Robert Alexander | Archive Photos | Getty Images

A major airline union said Friday that it has enough support among JetBlue Airways‘ roughly 3,000 fleet service staff to seek a unionization vote, in the latest move to organize workers.

The International Association of Machinists and Aerospace Workers said it will file an application for a union vote with the National Mediation Board. The work group includes baggage handlers and other ground operations employees.

A vote in favor could create the third-largest unionized work group at the New York-based airline. JetBlue’s pilots and flight attendants are already unionized. It would come during a wave of union votes across companies from Amazon to Starbucks.

A vote could also take place while JetBlue is in the process of trying to acquire budget airline Spirit Airlines, where more than 80% of employees are represented by unions, compared with JetBlue’s 46%, according to annual company filings.
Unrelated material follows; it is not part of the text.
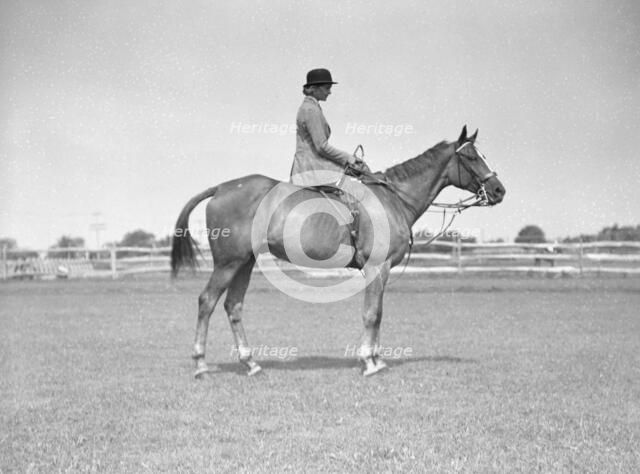 Schey, Theresa, Miss, on horse, between 1911 and 1942. Creator: Arnold Genthe.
Ensuring more predictable schedules is one of the pillars of a potential labor contract for the fleet service workers, IAM’s air transport territory general vice president, Richard Johnsen, told CNBC.
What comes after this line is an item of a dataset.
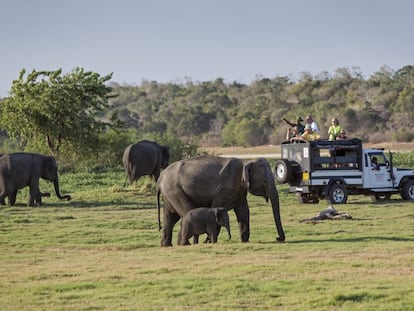 Varios turistas observan elefantes durante un safari en el parque nacional de Minneriya, en Sri Lanka, en julio de 2022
“They really have never had that opportunity to have a say in their future,” he said. “Now might be the most critical time.”

Staff schedules plunged early in the pandemic but surged along with travel demand as Covid cases waned, sparking tensions with airline unions across the U.S.

“JetBlue values its relationship with all of our crewmembers including our ground operations crewmembers who, for the last two years, helped manage the unprecedented challenges posed by the pandemic,” the carrier said in a statement. “We firmly believe that the direct relationship we have with our ground operations crewmembers has worked, and will continue to work, and that third-party representation and the costs to our crewmembers that come with it are not in their best interests.”

Most major airline workers are already largely represented by unions, though less so at some carriers like JetBlue than at some competitors.

Delta Air Lines is the largest U.S. carrier whose workers aren’t mostly unionized. However, the Association of Flight Attendants-CWA, the country’s largest flight attendant union, is in the middle of a union drive there, which it launched in 2019. Flight attendants had previously rejected unionization.